We made our way towards the stands where men in uniform stood in the road waiting. Soldiers were everywhere, as well as policemen and women, secret service, and snipers on the roofs of buildings. We stood across the street from the stands waiting, tired and not saying much. Finally after a long wait the music started and movement started. The crowd started to push out into the street, and the cops reacted by driving a truck into the crowd to push it back. But shortly after, the crowd grew restless and pushed back onto the street, and the police had no control over it. We didn't want to bother, so we just stayed on the sidewalk.

It was hard to see over the people, even though I'm average height in Ecuador, and many people had umbrellas to shade against the sun, making picture taking nearly impossible. The crowd got excited as President Correa came by, standing up in the back of a pick up truck, waving to the crowd and smiling enthusiastically. He was just across the street from us, but the crowd made it hard to get a good look. He shook many hands and then made his way up to a seat in the stands.

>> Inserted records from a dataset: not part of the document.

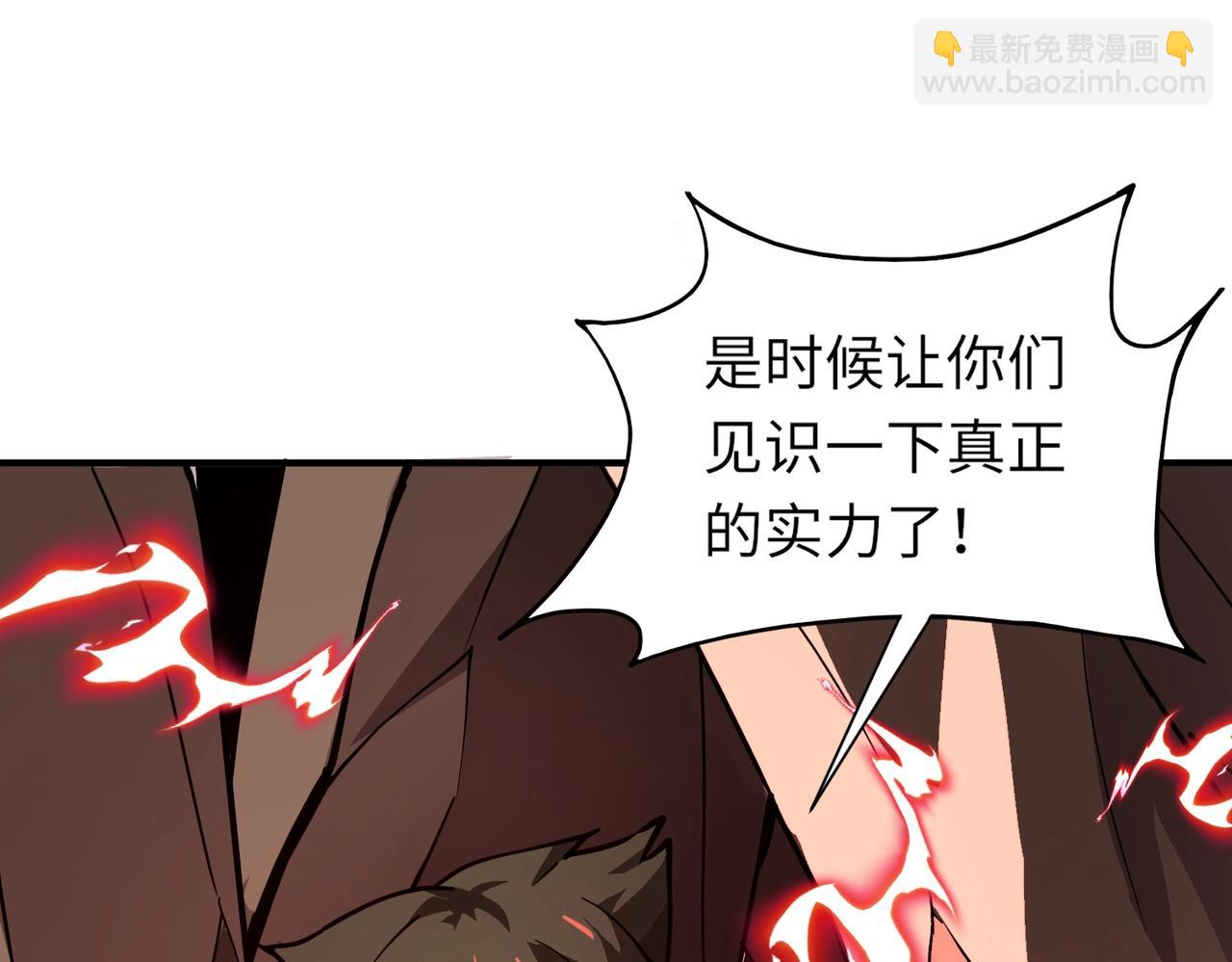 第21话 霍仙儿看样子是要输啦？！(1/4)-第21话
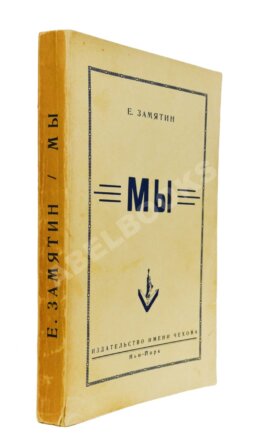 Замятин, Е.И. Мы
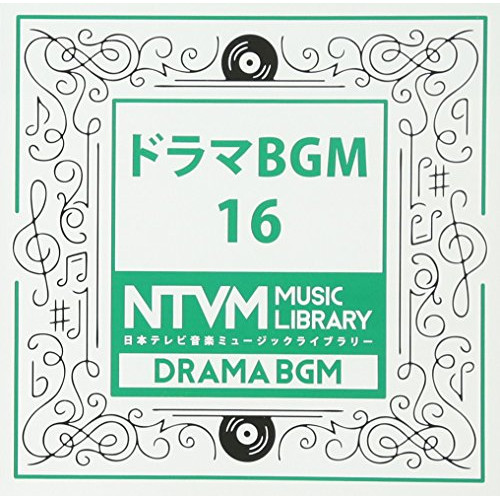 【送料無料】 CD/BGV/日本テレビ音楽 ミュージックライブラリー ～ドラマ BGM 16/VPCD-81964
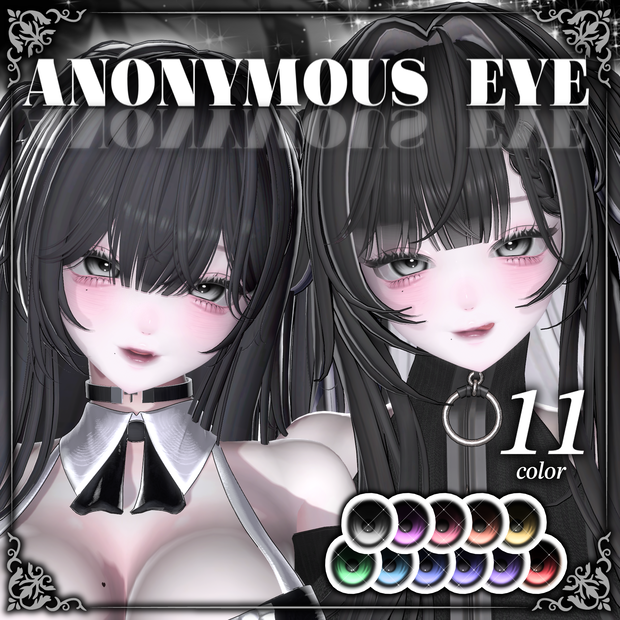 Anonymous EyeTexture【12アバター対応】
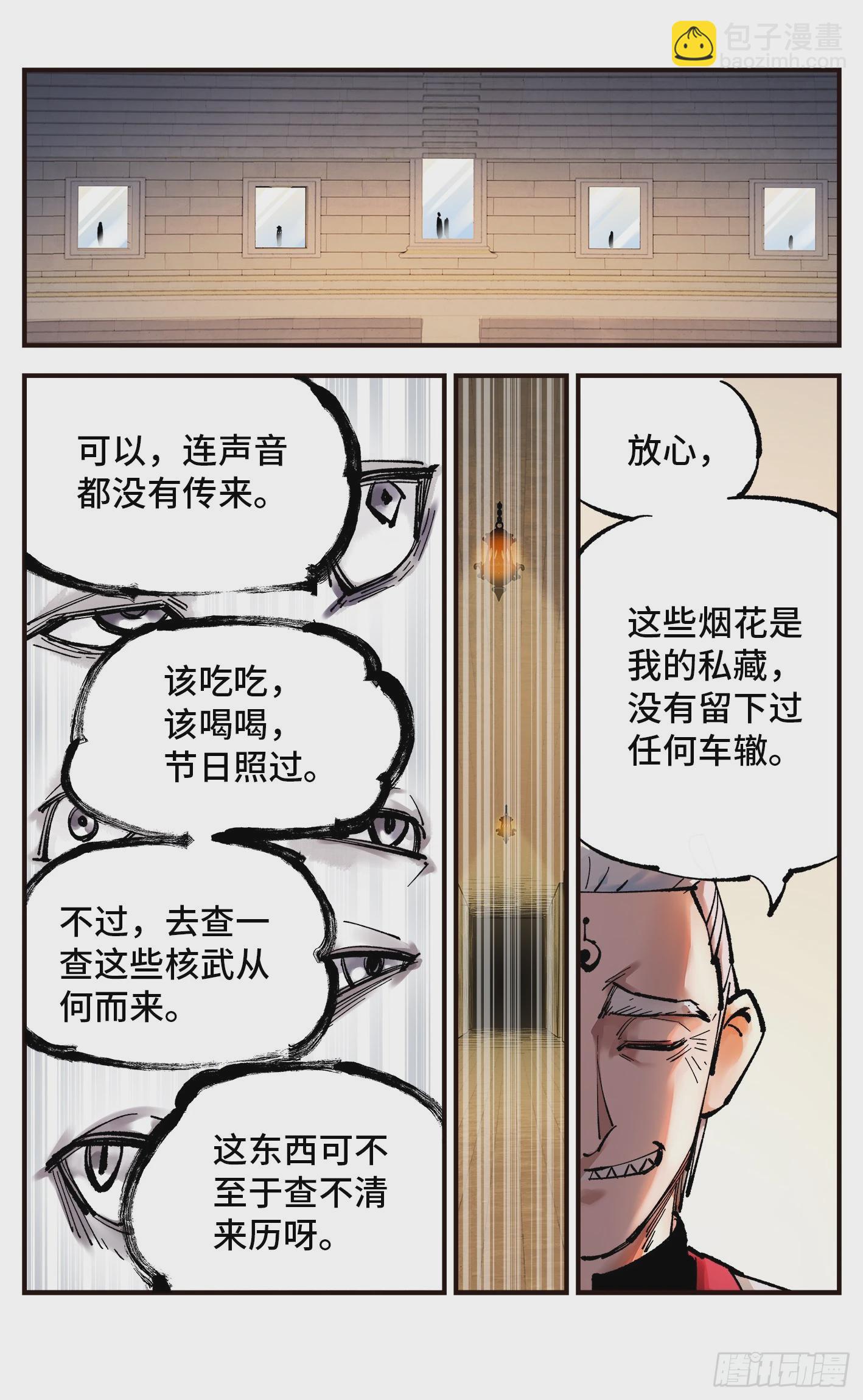 日月同錯 - 第九十八回 萬業又瘟 下 - 2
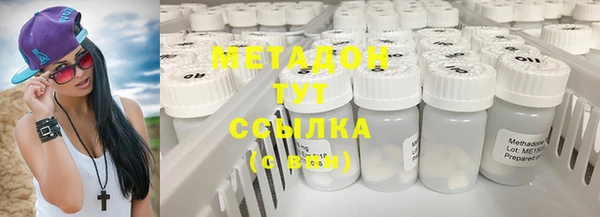 стафф Абаза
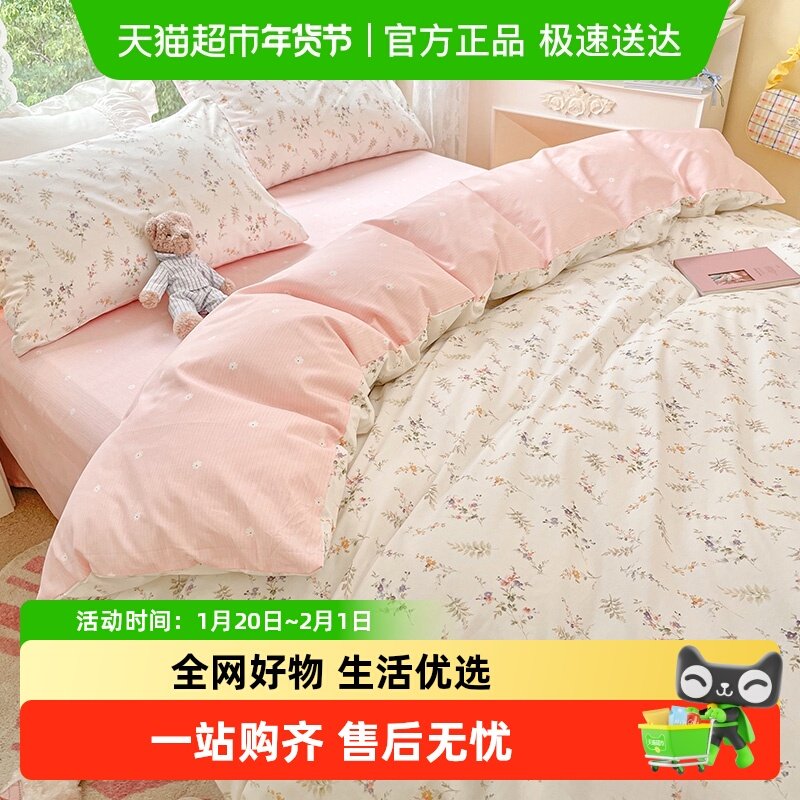 无印良品纯棉床上四件套全棉2025新款床单被套床笠被罩床品三件套,床上用品,床品套件/四件套/多件套,淘宝优惠券,粉丝福利购,淘宝优惠卷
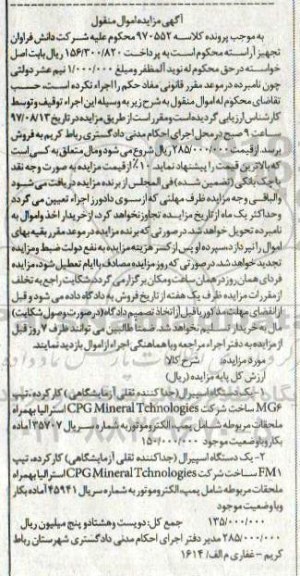 مزایده, مزایده فروش دو دستگاه اسپیرال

The parade commenced, and what I thought were Russian MIGs were flying overhead over and over. It seemed a bit like those military parades you see in history class reels, sans the tanks. We wanted to hear the president speak, but since the parade had just started and everyone had to catch a bus, we decided to leave.

Clouds were rolling in and soon enough it was lightly raining for the rest of the day and night. We said our goodbyes on Calle Larga, and that ended the weekend in Cuenca. It was a lot of fun and extremely tiring, but a great refresher for all of us.

Later on I went with my host family to check out a market with natives from Cusco, Peru, who had made the long trip up to sell their goods. Afterwards, we went to a concert in Parque de la Madre, but it was cold and raining, so we didn't stay the whole time.

To close up the long weekend, I hunkered down with Indiana Jones and the Last Crusade, ready to enjoy my last day off before getting back to work on Wednesday.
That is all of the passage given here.